Still, if as a book At All Costs – the first attempt at a series finale – was better, by then the side stories were spiraling out of control: this one actually manages to put a cap on things. It does leave plenty of questions unanswered – let’s call them plot hooks – and I suspect the forthcoming volume will have plenty of cans of worms to open up, but the main set of problems has been dealt with.

If you’ve read the series but not this one, you’ll probably want to. (If you haven’t read the series yet, but want to, it’s quite long, not to say outsize, at this point. The first three books – On Basilisk Station, The Honor of the Queen, and The Short Victorious War are probably the best. The first two actually can be read as stand-alone novels, but the third invokes long-term plot arcs so if you get that far and you’re a completionist on these things… well, you can probably imagine.)

The Worst Honor Harrington Book

I’ll start with the warnings.  First, this is a rant, and it’s a rant by a fan.  There will be spoilers.  Second, this is not actually about the worst Honor Harrington book (that I’ve read), which is Cauldron of Ghosts, but that’s properly a side story and not the main line.  And if I think David Weber’s been letting Eric Flint influence the main story too much, let alone the side story that’s mostly Flint’s own creation and responsibility, well, that’s not really the point here either.
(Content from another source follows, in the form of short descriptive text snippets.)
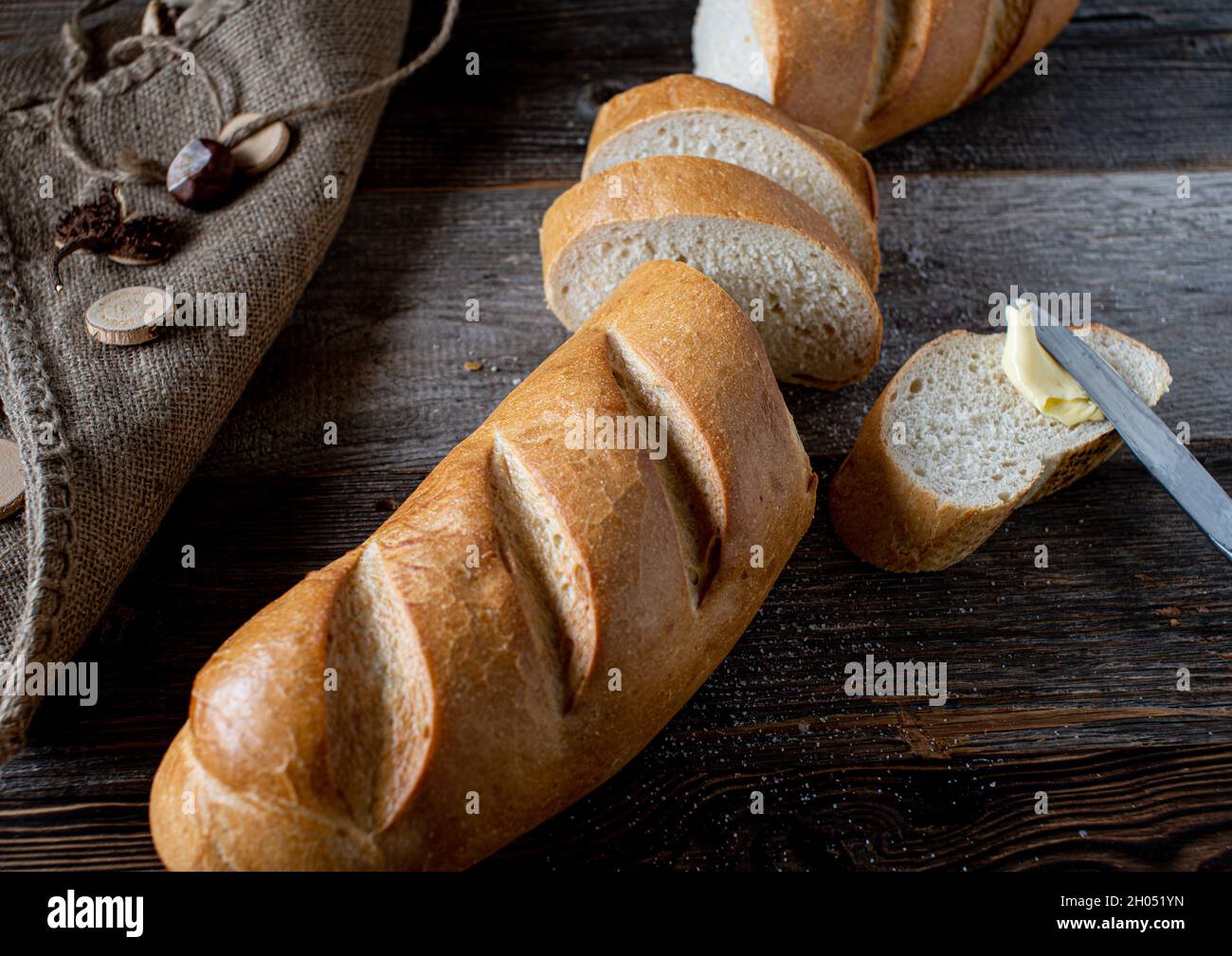 Baguette francese su tavola di legno con coltello e burro. Tagliate a pezzi e servite con un coltello di burro. Foto Stock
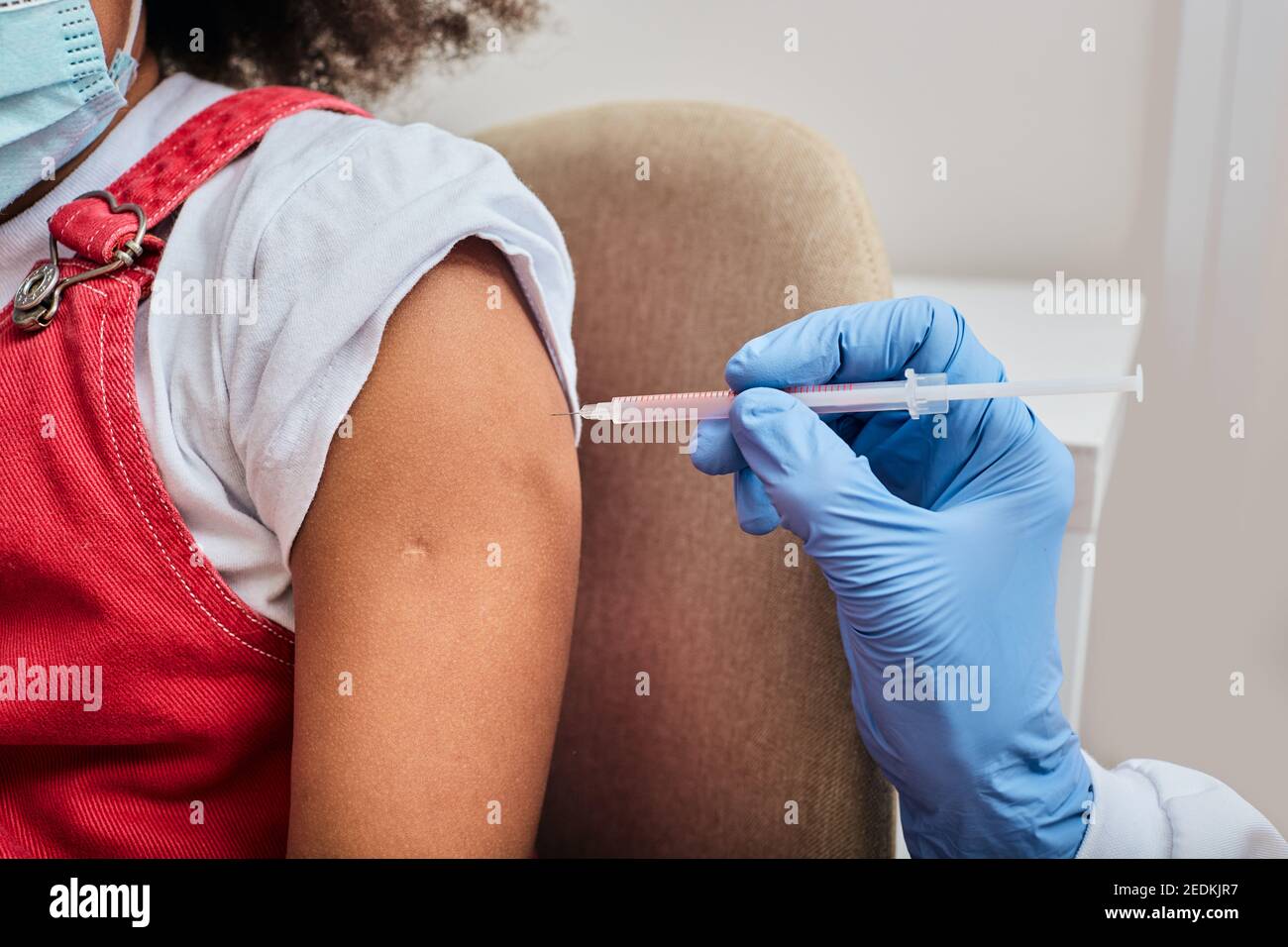 Corto di spalla della bambina durante l'iniezione del vaccino in una clinica medica. Pandemia globale Foto Stock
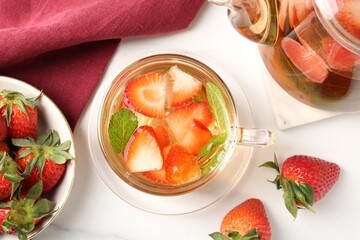 Aromatic fruit tea with strawberries and mint on white marble table, flat lay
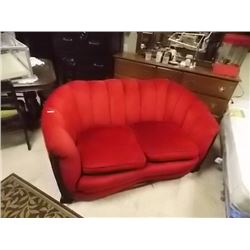VINTAGE RED LOVE SEAT WITH WOOD ACCENT
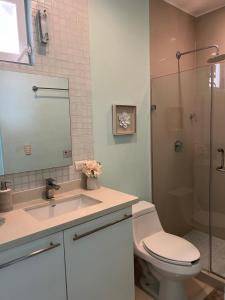 a bathroom with a toilet and a sink and a shower at Casa Frida - Beachfront Ocean View in Puerto Morelos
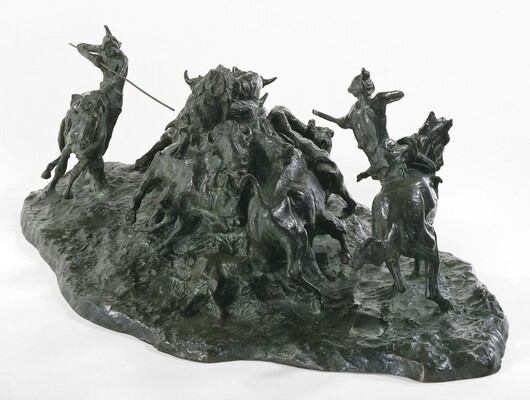 A bronze sculpture of two Native men, one with a spear and the other with a bow, on horseback circling a group of bison.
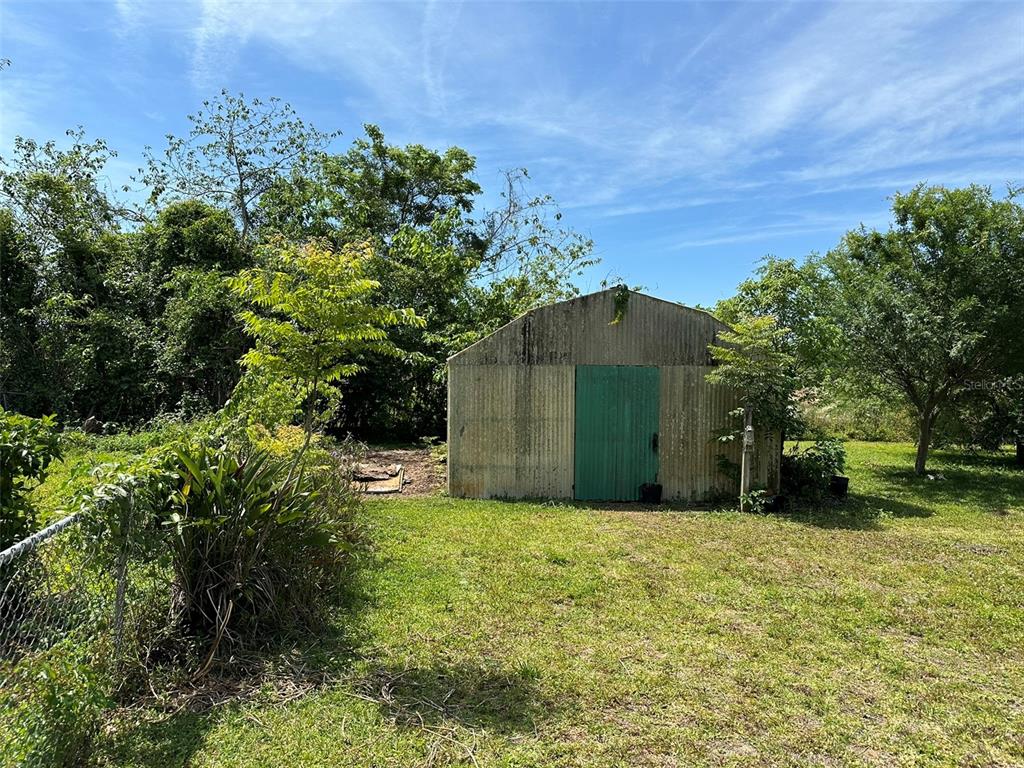 4004 Southwest 22nd Street Ocala, FL 34474 - Photo 5 of 9 a view of a backyard of the house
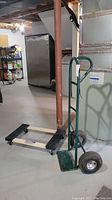 Green metal hand truck dolly with tubular handle and large black wheels next to flat wooden dolly on the floor in basement setting.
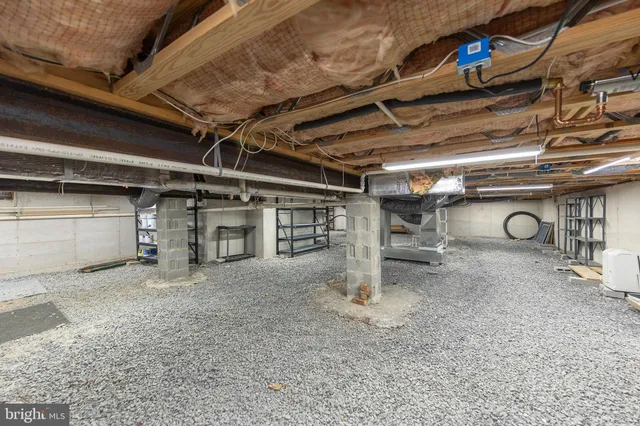 a view of empty room with wooden ceiling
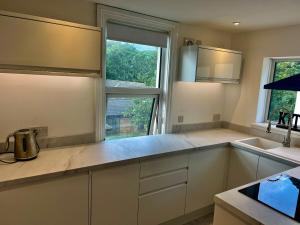 a kitchen with white cabinets and a large window at Central 3 bedroom apartment with superking and king beds in Bognor Regis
Third, this isn’t really even about my complaints about certain ‘verse-building choices – the addition of treecat sign language, the title character’s developing psychic empathic powers, or even (since it doesn’t even show up in the book in question) the use of Mesan nanotechnology as a deus ex machina whenever Weber or his co-authors write themselves into a corner that requires something really implausible to get out of.  Or occasionally something really implausible to set up future conflicts.

No, this is about the problems with War of Honor, in which a number of David Weber’s authorial weaknesses combine in unfortunate ways, as well as one gigantic mistake by his characters that even Weber’s having them point out as a mistake they made doesn’t keep it from being a major problem with the plot.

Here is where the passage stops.